McCallum was sentenced to five years in prison after a woman told a trial he had attacked her in a Glasgow flat in March 2008 following a wine and cocaine-fuelled sex encounter.
The court heard he ripped her clothes and forced himself on her.
McCallum admitted there had been a struggle but claimed the woman had been flirting with him and willing to have sex.
He told how they had been drinking and snorting cocaine that evening.
Injuries to her wrists and the damage to her clothes happened when they quarrelled afterwards, he told the trial at the High Court in Glasgow in May 2009.
A jury found him guilty but solicitor advocate John Carroll, defending, told the Court of Criminal Appeal in Edinburgh that McCallum had suffered a miscarriage of justice.
He told Judge Lord Eassie, sitting with Lord Menzies and Lord Wheatley, that prosecutors at the trial had used what McCallum told police to attack his credibility by pointing out inconsistencies.
The lawyer said there had been 42 references to the interviews in an attempt to brand McCallum a liar.
Lord Eassie noted that about one-third of the prosecutor's closing speech to the jury had been based on the interviews.
Mr Carroll claimed that McCallum had been denied a fair trial because of the Supreme Court decision two years ago in the case of Peter Cadder, which ruled that it was a breach of human rights to allow an accused to be detained and interviewed by police without a chance to get legal advice first.

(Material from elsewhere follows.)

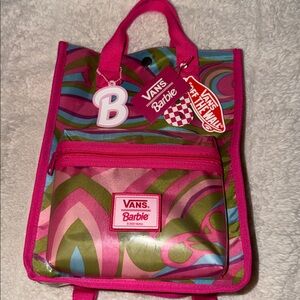 Barbie x Vans Backpack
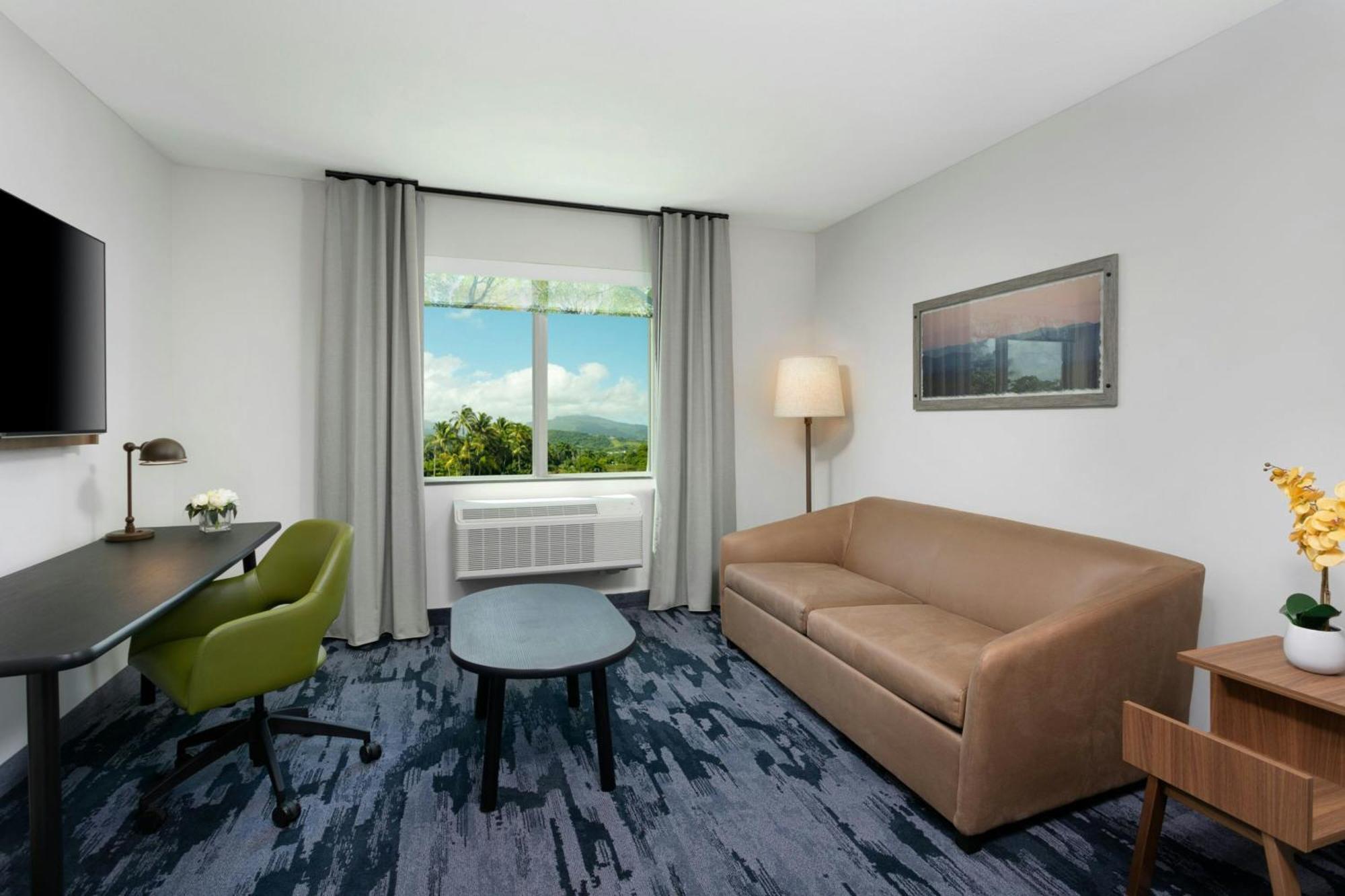 Fairfield By Marriott Luquillo Beach Екстер'єр фото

The ruling prompted emergency legislation to be pushed through Holyrood to ensure Scotland complied with the European Convention on Human Rights.
Advocate depute Alex Prentice, QC, told the Edinburgh appeal judges that the Crown accepted the Cadder ruling made the interview evidence inadmissible.
However, he claimed there were other reasons to accept the woman's account of events, so the conviction should stand.
Lord Eassie, giving yesterday's decision, agreed with Mr Carroll that without the prosecution's use of the question and answer session with police, the outcome of the trial could have been different.
McCallum's trial and sentence happened before the legal arguments sparked by Peter Cadder – accused of an assault in Glasgow – led to a change in the law.
But the Scottish Criminal Cases Review Commission, which investigates possible miscarriages of justice, decided that McCallum's conviction could be challenged.
It is thought that he was the first to benefit from such a decision.
The Cadder ruling has led to hundreds of cases being abandoned and some cases being tried again under the new rules.
It has also been blamed for a fall of around one-third in the number of rape and attempted rape convictions in Scottish courts.